1. Aphra Behn - History of the Nun - 6/10, I get a lot of enjoyment out of how ridiculous early prose stories can be.
2. Aphra Behn - The Fair Jilt - 7/10. This one is more ridiculous than the other, and thus better in my book.
3. Eliza Haywood - Love in Excess - 6/10. Not big on amatory fiction really, but this is one of the 3 best selling novels of the 18th century.
4. Charles Dickens - Oliver Twist - 9/10. Not really one of Dickens' best, but it's one of his funnier novels, and who can forget Fagin, Mr. Bumble, or Sikes.
5. Lynn Breedlove - One Freak Show - 7/10, a transcription of lesbian/trans man musician and comic Lynn Breedlove's show One Freak Show, essentially a series of humorous anecdotes about her life and the status of trans people in the LGBT community in the United States.
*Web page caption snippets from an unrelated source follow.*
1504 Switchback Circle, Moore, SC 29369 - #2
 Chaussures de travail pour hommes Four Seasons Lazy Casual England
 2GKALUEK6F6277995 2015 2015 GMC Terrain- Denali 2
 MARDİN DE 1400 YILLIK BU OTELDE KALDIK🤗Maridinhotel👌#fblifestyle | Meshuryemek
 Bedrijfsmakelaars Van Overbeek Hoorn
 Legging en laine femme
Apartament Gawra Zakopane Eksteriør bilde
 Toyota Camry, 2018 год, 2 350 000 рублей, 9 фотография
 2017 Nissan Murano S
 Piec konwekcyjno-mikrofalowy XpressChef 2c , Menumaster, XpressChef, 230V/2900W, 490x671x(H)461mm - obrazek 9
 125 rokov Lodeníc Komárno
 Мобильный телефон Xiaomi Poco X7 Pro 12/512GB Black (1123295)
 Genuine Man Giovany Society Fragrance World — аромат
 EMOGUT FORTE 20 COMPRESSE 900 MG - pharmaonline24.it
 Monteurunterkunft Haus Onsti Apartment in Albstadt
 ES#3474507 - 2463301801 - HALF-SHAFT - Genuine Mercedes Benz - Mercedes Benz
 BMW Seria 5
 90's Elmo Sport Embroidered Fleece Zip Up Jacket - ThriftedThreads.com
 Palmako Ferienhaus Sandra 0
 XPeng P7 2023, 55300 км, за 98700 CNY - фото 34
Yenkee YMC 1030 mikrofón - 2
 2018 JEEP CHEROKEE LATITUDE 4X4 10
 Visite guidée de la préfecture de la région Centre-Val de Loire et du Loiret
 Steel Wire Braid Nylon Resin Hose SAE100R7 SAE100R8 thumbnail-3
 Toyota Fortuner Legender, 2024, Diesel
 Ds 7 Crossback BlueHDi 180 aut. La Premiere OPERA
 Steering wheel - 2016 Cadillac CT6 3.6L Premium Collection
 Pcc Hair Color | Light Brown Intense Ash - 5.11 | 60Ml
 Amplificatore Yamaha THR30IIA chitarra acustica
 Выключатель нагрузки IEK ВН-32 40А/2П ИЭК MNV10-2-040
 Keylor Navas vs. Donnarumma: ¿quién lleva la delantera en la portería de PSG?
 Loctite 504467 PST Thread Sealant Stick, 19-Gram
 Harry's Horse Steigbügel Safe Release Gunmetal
Some parts of it are not that great, but it's a short breezy read, so the bad parts are easy to overlook.
6. Richardson - Pamela - 5/10. This is a painful read but a very influential book, the first part is much better than the "how to be a good housewife" manual that forms the final part of the novel.
7. Arthur Conan Doyle - Sign of Four - 8/10. Campy, fun Sherlocke Holmes novel that is terribly racist in parts.
8. Jane Austen - Northanger Abbey - 9/10. Probably Austen's funniest novel, we all know a girl like Isabella Thorpe.
9. Robert Louis Stevenson - Dr. Jekyll and Mr. Hyde - 9/10. This is a re-read, but it's always a fun light read.
10. Craig Thomson - Habibi - 8.5/10. Wonderful graphic novel, but a bit long in parts. I particularly like the tongue and cheek retelling of the Noah's arc story. I don't think it's as powerful a comment on how people relate to religion as Blankets, maybe because of the lack of personal depth that Thomson's earlier work had.
11. Henry Fielding - Joseph Andrews and Shamela - 7/10. A fun read. To get the most out of Shamela you have to read Pamela first.
12. Daniel Defoe - Journal of the Plague Year - 5/10. I thought I had included this since I read it in January, but oh well. It's an OK read, a lot of it is terribly boring reprinting of death statistics and Defoe's meandering philosophizing on the best way to handle a plague, but it is occasionally spiced up with Defoe's clever little "slice of life" stories. Defoe's Rebecca is a much better novel, I read it last year and it was a lot of fun.
13. Horace Walpole - The Castle of Otronto - 6/10. Bizarre novel that opens with someone being mysteriously crushed by a giant helmet that appears out of nowhere.